En las últimas décadas, las políticas sociales en la mayoría de los países de Europa Occidental se han alejado de la redistribución. Se trata de un error, ya que en el largo plazo las consecuencias de este cambio (aumento de la desigualdad de los ingresos, redes de seguridad social más débiles y menor acceso a la atención sanitaria) agravarán las desigualdades en el ámbito de la salud.

De hecho, para mejorar los resultados en materia de salud en los grupos socioeconómicos más bajos es crucial adoptar más y mejores políticas redistributivas que den cuenta de los efectos de la movilidad social ascendente selectiva y los diferentes ritmos de difusión del cambio conductual. El apoyo al ingreso se debería complementar con programas de salud preventiva, al tiempo que la implementación de programas de educación en el campo de la salud podría ayudar a reducir el vínculo entre bajas habilidades cognitivas y una mala salud.

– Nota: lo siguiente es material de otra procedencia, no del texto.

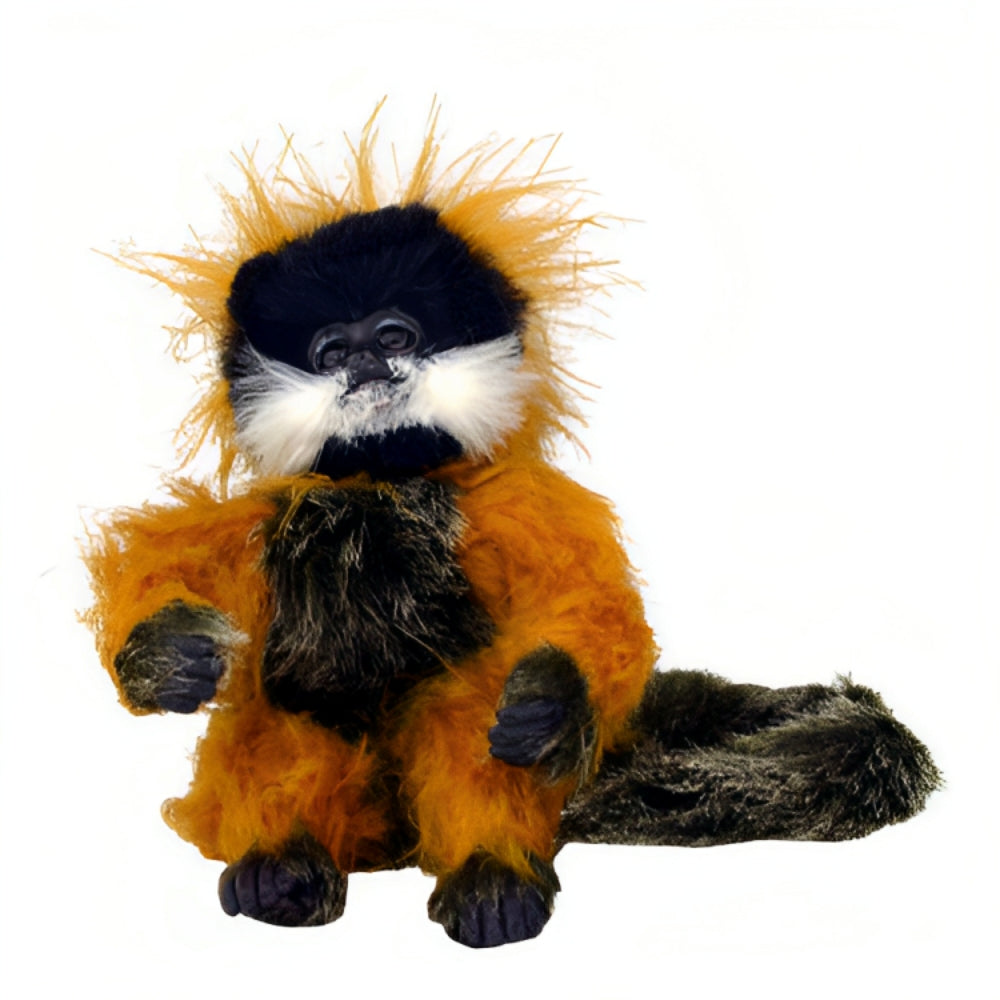 The Ashton-Drake Galleries Little Zarina Finger Monkey Doll Handcrafted Poseable and Inspired by the World's Tiniest Monkeys Golden Mantled Tamarin Amazing Amazon Finger Monkey Collection Issue #7 by Artist Angelica Holm 5.25-inches - RCE Global Solutions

No basta con la igualdad del acceso a la atención sanitaria. Para reducir las desigualdades en los resultados en el ámbito de la salud se requiere una atención sanitaria más intensiva para los pacientes que provengan de estratos socioeconómicos bajos, diseñada para dar respuesta a sus necesidades y retos específicos. Por ejemplo, los ingresos por concepto de impuestos al tabaco, que afectan desproporcionadamente a los grupos de menores ingresos, se deben destinar al financiamiento de grupos de apoyo al abandono del tabaquismo que apunten a los fumadores menos favorecidos.

La importante y persistente desigualdad en el ámbito de la salud indica que, si se elevan los niveles de salud de quienes poseen menos ingresos o una menor educación, se podría avanzar muchísimo en la mejora de la salud general de la población. Hasta cierto punto, para esto serían necesarias reformas al sistema de bienestar, pero sus beneficios bien valdrían el esfuerzo.

Johan P. Mackenbach is Professor of Public Health and Chair of the Department of Public Health at Erasmus MC, University Medical Center Rotterdam and a member of the Royal Netherlands Academy of Arts and Sciences. Traducido del inglés por David Meléndez Tormen.